In the field of X-ray imaging, the improvement of image resolution has always been a key point for research. According to the projection imaging principle, there is an inverse relationship [1,2,3] between the size of the focal spot of the X-ray source and the space resolution of the images. In other words, the smaller the focal spot is, the higher the space resolution will be, and vice versa. Therefore, the improvement of the space resolution through the reduction of focal spot size is an important research subject. However, a smaller focal spot means higher energy from the electron beam is hitting the metal target, which means a need for more efficient cooling [4]. Therefore, transmission targets which could be cooled at end-windows were adopted for high resolution applications of X-ray imaging because they could fix this cooling problem. However, these targets suffer from low X-ray transmission; therefore, transmission X-ray sources are inferior to reflective sources in X-ray generation efficiency. Regardless, reflective sources still suffer from the problem of heat dissipation [5] and the reflective anodes have effective focal spots smaller than the actual spots. However, in order to take advantage of the high efficiency of reflective X-ray anodes, as well as to solve the problem of heat dissipation, rotation anodes [6,7], liquid-metal anodes [8,9] and water cooled anodes [10] were invented. However, they were also accompanied by anode vibration and structural complexity, which resulted in complicated computing for image analysis and therefore limited the applications of the inventions.
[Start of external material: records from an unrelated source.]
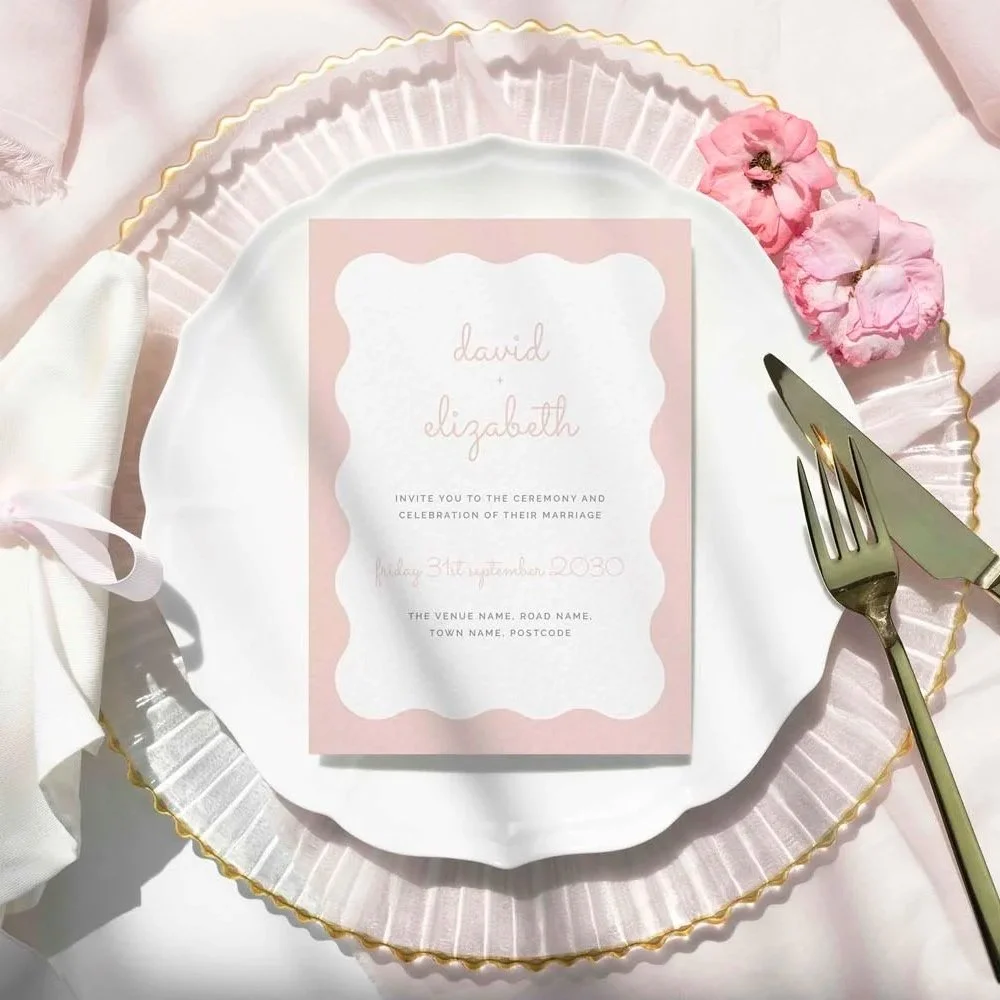Wedding invitation in blush pink, featuring a modern wavy border with gold cutlery to the side.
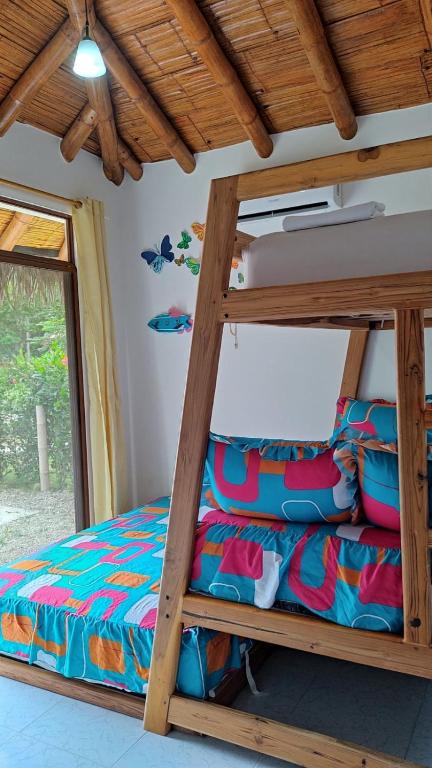 Postel nebo postele na pokoji v ubytování Cabaña de Elsa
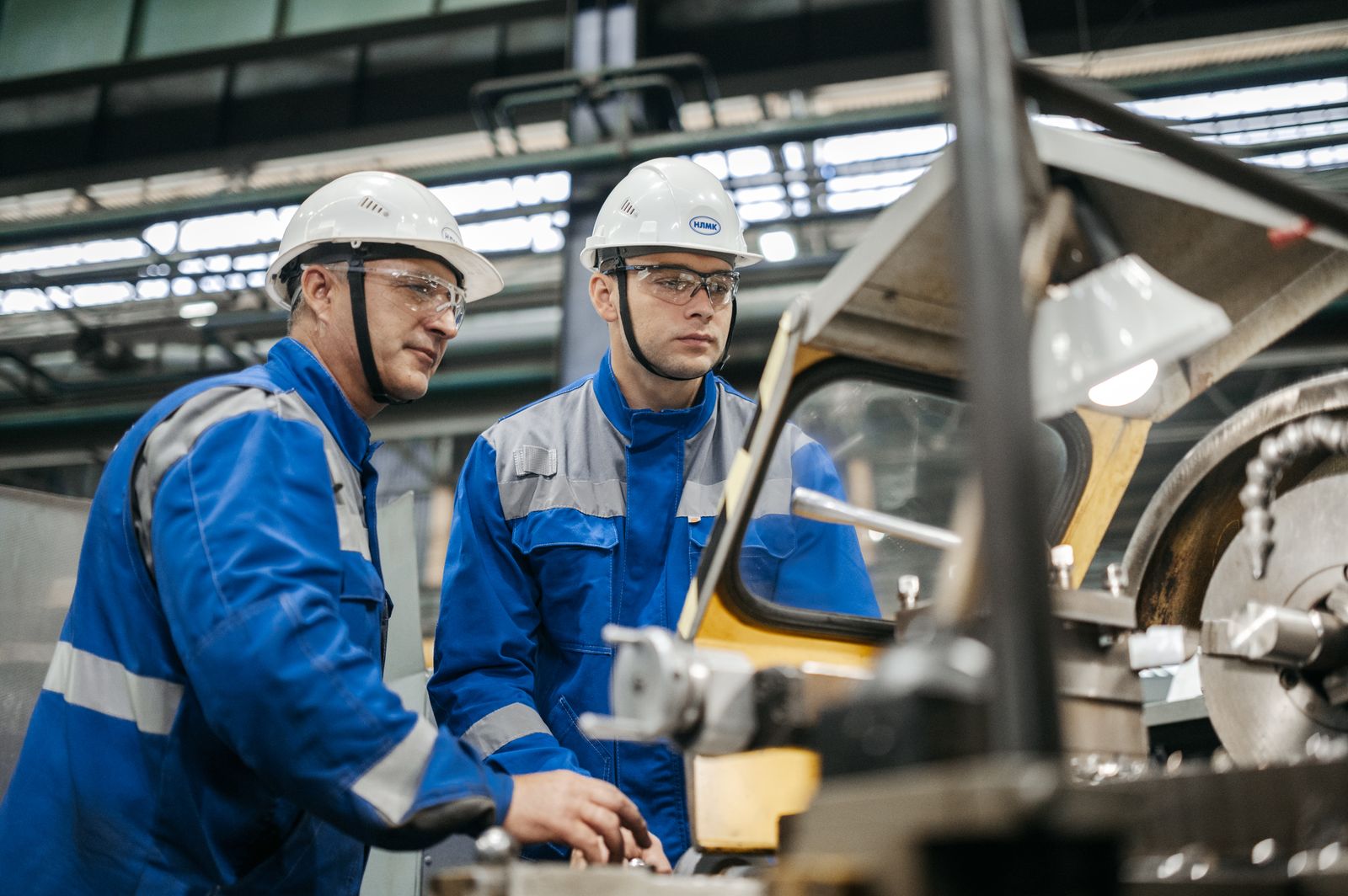An experienced maintenance technician and a younger one in full PPE working together at a machine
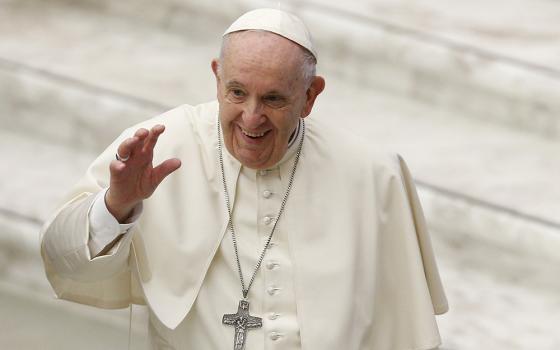 Pope Francis greets the crowd during his general audience in the Paul VI hall Jan. 26 at the Vatican. (CNS/Paul Haring)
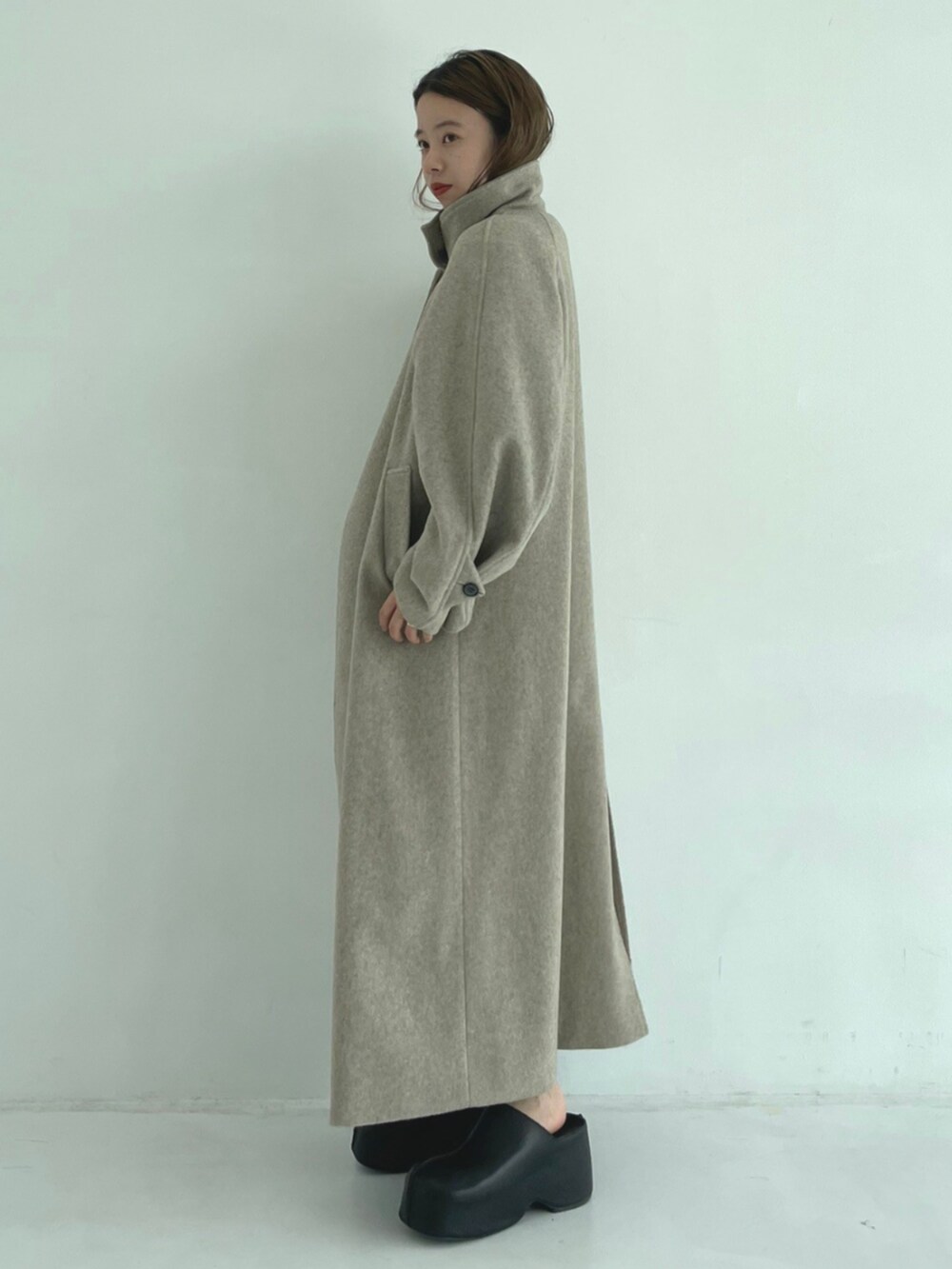 ブラック系のスリッポン、ベージュ系のその他アウターを着用したレディースの秋コーディネートの4枚目の写真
Essentially, it is advantageous to maximize X-ray intensity to increase signal-to-noise ratio and minimize analysis complexity but preventing damage to the anode from excessive heating is usually the limiting factor [11].

Based on the high thermal conductivity (TC = 1500–2000 W/m K) [12,13,14] of diamond, materials containing diamond are widely used in high-power microelectronic devices as a heat dissipator [15,16]. In order to improve the thermal conductivity of composite materials, a method for mixing diamond particles with a metal, and a method for plating a diamond film were proposed [17,18]. However, in this study, the C–C structure of diamond cannot excite higher-intensity X-rays, so it cannot directly serve as an anode. Moreover, its chemical properties are stable, meaning it is hard to react with the copper substratum. Therefore, the study aims at a method for preparing reflective X-ray anodes utilizing diamond as heat buffer layer (diamond composite anodes). Furthermore, the diamond composite anode’s major properties were determined for the purpose of broadening the effective application range.

2. Experiment

2.1. Production Process of the Diamond Composite Anode

Figure 1 shows the composition of the diamond composite anode, which was produced through the following steps and methods.

(1) Preparation of the Diamond Heat Buffer layer

Used for uniform homogeneity, low deposition temperatures, and slight influences on physical properties of the diamond, in this experiment, the PECVD [19] (plasma enhanced chemical vapor deposition) method is most suitable to produce the thermally conducting diamond layer. In this paper, the diamond heat buffer layer was prepared on a Mo slice as per the PECVD method.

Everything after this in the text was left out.